Given a linked list, remove the nth node from the end of list and return its head.
For example,
Given linked list: 1->2->3->4->5, and n = 2.
After removing the second node from the end, the linked list becomes 1->2->3->5.
Note:
Given n will always be valid.
Try to do this in one pass.
这个题目我想到两种解法。时间复杂度均为O(N),空间复杂度有所区别,一种是O(N),一种是O(1)。

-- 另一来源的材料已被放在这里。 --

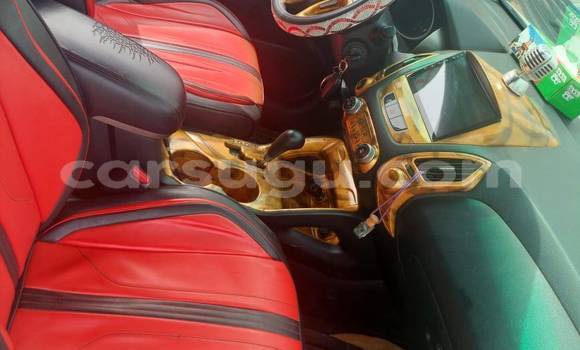 Buy Used Hyundai Tucson White Car in Ouagadougou in Burkina Faso Buy Used Hyundai Tucson White Car in Ouagadougou in Burkina Faso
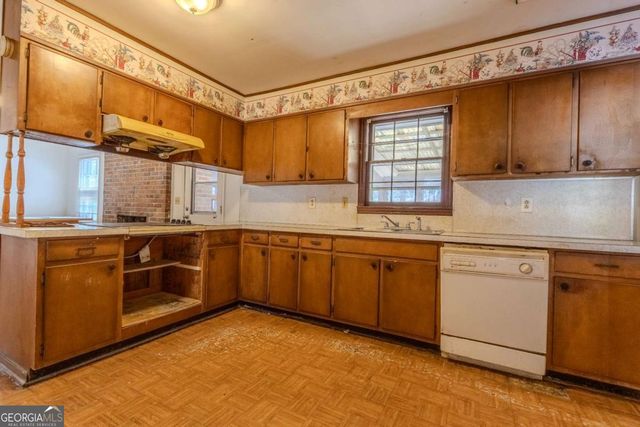 6158 Tracy Valley Drive, Norcross, GA 30093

另外,这个题目我觉得需要注意的地方是应该delete掉删除的节点,防止内存泄露。
空间复杂度为 O(N) 的解法
需要用到一个vector保存所有节点的地址,具体代码如下:
ListNode *removeNthFromEnd(ListNode *head, int n) {
vector<ListNode *> list;
for (ListNode *iter = head; iter != NULL; iter = iter->next)
list.push_back (iter);
if (n == list.size()) {
head = list[0]->next;
delete list[0];
return head;
}
list[list.size() - n - 1]->next = list[list.size() - n]->next;
delete list[list.size() - n];
return list[0];
}空间复杂度为 O(1) 的解法
设置两个指针,fast较low快n个节点。具体代码如下:
ListNode *removeNthFromEnd(ListNode *head, int n) {
ListNode *fast = head, *low = head, *delNode;
for (int i = 0; i < n; ++i)
fast = fast->next;
if (!fast) {
delNode = head;
head = head->next;
delete delNode;
return head;
}
while (fast->next) {
fast = fast->next;
low = low ->next;
}
delNode = low->next;
low->next = low->next->next;
delete delNode;
return head;
}更好的解法
上面的第二种解法中,将删除头结点作为一种特殊情况处理,可以采取虚拟头结点的做法去掉这个特殊性。这种处理方法在LeetCode[Linked List]: Reverse Nodes in k-Group中也用到了。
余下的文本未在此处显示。